投げられたカルタスは膝を屈したまま動くことができず、ここで闘争は終わり、ディムの "やれやれ" と肩をすぼめる仕草も相まって、王立騎士団は大恥をかかされた格好となった。
「すごいな、いい見世物だった」
「どういたしまして。ぼくたちはこのまま教会関係者と会いたいのですが、構いませんよね?」
「かまわん。亜人の通行も許そう。どうか砦を出て行ったらもう二度と戻って来ぬようお願いするよ」
ふう。
ディムたち冒険者パーティはエルフのプリマヴェーラも含め、ようやく全員の砦入りを許されたけど、そのあと少し離れたところで最初に肩を外された騎士服の中隊長がえらい剣幕で怒られている声が聞こえた。エルフのプリマヴェーラの足跡を奇麗に掃除する罰を与えられたらしい。もちろんわざと聞こえるように言ってる。こいつらの質の悪さときたらチンピラなみだ。
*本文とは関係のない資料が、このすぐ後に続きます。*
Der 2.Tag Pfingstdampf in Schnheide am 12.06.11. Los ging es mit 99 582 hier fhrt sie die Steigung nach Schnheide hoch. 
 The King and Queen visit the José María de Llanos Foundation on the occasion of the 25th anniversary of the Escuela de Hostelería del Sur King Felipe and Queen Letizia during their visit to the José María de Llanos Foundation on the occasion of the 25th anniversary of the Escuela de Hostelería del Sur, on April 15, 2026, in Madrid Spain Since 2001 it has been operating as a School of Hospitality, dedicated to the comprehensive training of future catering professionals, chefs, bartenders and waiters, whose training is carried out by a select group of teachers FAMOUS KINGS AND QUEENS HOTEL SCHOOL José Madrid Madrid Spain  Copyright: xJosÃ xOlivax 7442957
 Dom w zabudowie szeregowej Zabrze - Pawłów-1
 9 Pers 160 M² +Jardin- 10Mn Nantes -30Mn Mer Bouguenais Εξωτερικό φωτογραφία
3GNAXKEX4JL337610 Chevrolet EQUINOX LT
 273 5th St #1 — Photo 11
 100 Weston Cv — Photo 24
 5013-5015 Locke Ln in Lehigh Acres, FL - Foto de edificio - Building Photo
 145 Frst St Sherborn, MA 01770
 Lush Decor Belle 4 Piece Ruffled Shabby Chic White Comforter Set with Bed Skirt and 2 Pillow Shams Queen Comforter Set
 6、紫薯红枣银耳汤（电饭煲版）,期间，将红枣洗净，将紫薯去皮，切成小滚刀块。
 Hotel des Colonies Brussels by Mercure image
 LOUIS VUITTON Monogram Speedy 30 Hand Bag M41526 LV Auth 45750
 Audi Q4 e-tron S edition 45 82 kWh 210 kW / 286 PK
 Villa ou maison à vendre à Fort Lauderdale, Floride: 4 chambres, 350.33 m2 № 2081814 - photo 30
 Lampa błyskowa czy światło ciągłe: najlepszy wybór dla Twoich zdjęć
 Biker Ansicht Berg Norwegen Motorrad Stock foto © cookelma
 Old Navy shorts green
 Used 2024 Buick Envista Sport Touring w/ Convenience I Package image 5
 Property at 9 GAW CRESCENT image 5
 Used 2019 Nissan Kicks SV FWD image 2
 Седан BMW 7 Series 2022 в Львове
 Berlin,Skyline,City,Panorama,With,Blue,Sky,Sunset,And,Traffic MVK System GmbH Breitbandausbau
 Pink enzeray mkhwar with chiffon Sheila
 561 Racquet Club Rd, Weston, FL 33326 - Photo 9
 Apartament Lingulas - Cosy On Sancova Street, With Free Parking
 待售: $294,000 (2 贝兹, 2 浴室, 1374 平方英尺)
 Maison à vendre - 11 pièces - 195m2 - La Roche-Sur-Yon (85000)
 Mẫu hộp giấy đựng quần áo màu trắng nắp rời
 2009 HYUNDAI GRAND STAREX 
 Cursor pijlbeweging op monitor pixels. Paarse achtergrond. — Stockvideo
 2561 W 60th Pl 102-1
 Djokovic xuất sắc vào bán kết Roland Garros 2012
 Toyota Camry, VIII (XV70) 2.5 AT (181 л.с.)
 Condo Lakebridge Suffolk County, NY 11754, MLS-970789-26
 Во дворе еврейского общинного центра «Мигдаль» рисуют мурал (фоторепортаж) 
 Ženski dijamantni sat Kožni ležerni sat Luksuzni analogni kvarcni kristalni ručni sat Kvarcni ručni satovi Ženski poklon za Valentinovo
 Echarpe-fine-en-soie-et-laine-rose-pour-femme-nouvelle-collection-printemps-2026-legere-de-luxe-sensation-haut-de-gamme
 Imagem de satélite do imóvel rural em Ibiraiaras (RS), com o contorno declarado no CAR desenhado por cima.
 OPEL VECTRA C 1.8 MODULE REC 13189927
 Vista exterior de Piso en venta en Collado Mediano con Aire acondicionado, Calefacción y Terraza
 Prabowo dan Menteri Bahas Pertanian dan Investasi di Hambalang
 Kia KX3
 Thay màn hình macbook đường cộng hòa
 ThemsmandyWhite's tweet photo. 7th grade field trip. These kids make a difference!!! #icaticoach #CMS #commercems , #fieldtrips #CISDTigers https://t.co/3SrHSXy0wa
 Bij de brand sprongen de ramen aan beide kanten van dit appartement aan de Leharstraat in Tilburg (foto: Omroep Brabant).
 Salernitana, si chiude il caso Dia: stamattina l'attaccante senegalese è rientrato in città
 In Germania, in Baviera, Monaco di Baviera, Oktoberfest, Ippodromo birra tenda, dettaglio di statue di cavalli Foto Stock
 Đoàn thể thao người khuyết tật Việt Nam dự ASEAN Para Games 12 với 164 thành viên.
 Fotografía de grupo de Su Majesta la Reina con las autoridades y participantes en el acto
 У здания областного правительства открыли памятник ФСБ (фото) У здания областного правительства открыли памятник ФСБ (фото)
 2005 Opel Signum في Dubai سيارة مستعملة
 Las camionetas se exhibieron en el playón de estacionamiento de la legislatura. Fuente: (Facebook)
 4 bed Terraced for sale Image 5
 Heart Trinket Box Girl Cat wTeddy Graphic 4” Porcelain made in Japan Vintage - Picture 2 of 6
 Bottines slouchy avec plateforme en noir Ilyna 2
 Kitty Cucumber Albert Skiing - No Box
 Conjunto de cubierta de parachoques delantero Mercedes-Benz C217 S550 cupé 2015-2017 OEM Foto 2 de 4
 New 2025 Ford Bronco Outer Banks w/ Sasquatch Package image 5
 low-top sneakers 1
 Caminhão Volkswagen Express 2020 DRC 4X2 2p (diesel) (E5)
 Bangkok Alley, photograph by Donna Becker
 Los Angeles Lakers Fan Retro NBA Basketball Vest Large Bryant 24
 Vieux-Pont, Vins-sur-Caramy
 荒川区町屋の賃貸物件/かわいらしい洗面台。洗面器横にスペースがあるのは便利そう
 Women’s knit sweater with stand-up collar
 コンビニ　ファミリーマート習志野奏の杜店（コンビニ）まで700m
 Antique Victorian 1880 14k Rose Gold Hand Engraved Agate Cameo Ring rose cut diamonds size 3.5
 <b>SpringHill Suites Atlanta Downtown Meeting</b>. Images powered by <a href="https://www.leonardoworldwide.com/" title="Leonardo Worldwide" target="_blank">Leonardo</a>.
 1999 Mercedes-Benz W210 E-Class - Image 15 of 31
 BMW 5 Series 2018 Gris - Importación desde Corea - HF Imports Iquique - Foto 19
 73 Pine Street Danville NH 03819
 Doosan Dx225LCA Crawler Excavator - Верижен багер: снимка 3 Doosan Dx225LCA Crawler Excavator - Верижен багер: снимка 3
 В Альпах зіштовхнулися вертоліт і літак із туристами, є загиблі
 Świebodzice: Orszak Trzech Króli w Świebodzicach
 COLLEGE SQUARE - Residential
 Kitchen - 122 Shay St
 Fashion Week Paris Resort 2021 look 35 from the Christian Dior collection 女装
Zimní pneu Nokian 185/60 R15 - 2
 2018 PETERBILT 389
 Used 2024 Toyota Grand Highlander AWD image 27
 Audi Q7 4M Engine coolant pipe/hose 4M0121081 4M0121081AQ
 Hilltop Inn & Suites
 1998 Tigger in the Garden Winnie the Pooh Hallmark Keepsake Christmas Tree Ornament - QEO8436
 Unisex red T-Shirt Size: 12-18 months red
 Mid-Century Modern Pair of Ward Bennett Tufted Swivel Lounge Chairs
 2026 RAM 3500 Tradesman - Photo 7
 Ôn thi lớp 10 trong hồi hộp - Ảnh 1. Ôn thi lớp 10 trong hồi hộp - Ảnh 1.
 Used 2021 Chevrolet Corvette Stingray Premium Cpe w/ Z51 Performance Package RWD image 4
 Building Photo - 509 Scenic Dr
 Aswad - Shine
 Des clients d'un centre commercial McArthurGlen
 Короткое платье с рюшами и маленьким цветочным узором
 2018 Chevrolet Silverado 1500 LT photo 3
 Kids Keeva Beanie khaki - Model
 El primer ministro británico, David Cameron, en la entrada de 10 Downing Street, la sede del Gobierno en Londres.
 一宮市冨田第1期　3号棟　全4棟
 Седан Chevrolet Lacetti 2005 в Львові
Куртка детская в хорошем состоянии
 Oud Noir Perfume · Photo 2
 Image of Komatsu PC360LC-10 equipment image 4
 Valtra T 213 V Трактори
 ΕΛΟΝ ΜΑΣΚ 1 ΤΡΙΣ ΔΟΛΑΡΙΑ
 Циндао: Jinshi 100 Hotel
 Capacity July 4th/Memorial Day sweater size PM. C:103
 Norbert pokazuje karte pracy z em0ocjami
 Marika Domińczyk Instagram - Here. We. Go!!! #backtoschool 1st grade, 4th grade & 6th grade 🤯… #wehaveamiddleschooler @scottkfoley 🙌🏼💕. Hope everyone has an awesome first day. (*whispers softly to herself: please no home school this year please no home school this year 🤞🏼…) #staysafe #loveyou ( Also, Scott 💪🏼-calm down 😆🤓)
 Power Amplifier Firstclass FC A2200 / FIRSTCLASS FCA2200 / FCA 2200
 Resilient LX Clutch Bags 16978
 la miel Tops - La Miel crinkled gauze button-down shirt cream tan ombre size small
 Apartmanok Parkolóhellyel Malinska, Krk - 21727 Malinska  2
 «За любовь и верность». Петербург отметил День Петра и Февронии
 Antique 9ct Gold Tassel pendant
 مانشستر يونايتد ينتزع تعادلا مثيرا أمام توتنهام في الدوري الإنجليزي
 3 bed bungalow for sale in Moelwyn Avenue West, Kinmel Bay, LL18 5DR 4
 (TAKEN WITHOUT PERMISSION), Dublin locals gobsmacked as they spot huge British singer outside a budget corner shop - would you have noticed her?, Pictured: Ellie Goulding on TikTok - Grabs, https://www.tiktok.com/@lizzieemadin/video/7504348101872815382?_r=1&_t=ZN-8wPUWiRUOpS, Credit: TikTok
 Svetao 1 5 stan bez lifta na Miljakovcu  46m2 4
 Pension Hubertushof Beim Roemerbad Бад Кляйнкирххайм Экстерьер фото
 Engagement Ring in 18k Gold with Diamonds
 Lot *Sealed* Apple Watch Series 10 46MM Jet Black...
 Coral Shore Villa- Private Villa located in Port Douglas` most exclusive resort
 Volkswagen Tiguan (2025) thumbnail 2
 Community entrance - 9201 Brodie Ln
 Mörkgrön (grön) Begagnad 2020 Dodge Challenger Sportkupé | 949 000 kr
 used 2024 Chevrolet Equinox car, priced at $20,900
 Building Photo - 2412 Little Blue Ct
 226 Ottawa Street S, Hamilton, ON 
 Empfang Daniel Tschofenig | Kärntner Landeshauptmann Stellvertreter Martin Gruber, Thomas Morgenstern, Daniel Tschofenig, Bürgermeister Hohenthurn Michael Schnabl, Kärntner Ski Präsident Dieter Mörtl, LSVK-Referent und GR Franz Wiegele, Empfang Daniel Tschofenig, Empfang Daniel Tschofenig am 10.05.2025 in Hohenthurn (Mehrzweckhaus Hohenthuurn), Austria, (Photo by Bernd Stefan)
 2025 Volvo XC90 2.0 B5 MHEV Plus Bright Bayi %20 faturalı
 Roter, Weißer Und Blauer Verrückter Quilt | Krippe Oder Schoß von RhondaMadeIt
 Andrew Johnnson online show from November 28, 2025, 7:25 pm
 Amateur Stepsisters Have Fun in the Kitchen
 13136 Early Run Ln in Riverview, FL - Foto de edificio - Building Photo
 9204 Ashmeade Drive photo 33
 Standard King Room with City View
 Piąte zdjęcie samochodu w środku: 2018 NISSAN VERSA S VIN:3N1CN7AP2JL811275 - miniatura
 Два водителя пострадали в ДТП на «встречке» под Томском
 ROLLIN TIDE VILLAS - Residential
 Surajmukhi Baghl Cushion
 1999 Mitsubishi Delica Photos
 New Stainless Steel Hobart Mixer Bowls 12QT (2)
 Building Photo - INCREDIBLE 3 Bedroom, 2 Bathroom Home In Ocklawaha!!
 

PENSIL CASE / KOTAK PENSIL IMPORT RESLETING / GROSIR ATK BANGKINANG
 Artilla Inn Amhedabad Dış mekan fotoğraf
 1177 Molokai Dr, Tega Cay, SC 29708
そんな命令を小耳にはさんだエルネッタさんは、ダグラスに「手を引いて砦の中を隅々まで練り歩いてやれ」なんて言って笑ってたけど、当のプリマヴェーラさんはものすっごいストレスで精神疲労、今にも円形脱毛症にでもなってしまうんじゃないかって顔してた。これ以上は酷というものだ。
騎士たちにとってよほど腹に据えかねる出来事だったのだろう、遠巻きから横目で睨まれたりしながら砦の中を奥に移動し、ディムたちは早速、砦の中に併設された礼拝室に通された。
ルーメン教会の関係者は、砦の端っこに陣取るこの狭い礼拝室にいるらしい。そこに関係者が3人と、すぐに勇者パーティと連絡を取り合っていた斥候も呼ばれてきた。
勇者パーティは戦場の奥深くに行く任務であっても、定期的に隠密の斥候と連絡を取り合って現状報告をする。ある時は実際に会って口頭で、ある時は連絡ボックスを隠して、ある時はハトを使い、またある時は矢文も使う。
連絡が取れなくなったのはちょうど28日前、前回に連絡が取れてから5日後の連絡がなかったということだから、最後に連絡があってから33日ということだ。
もう手持ちの食料も尽きている。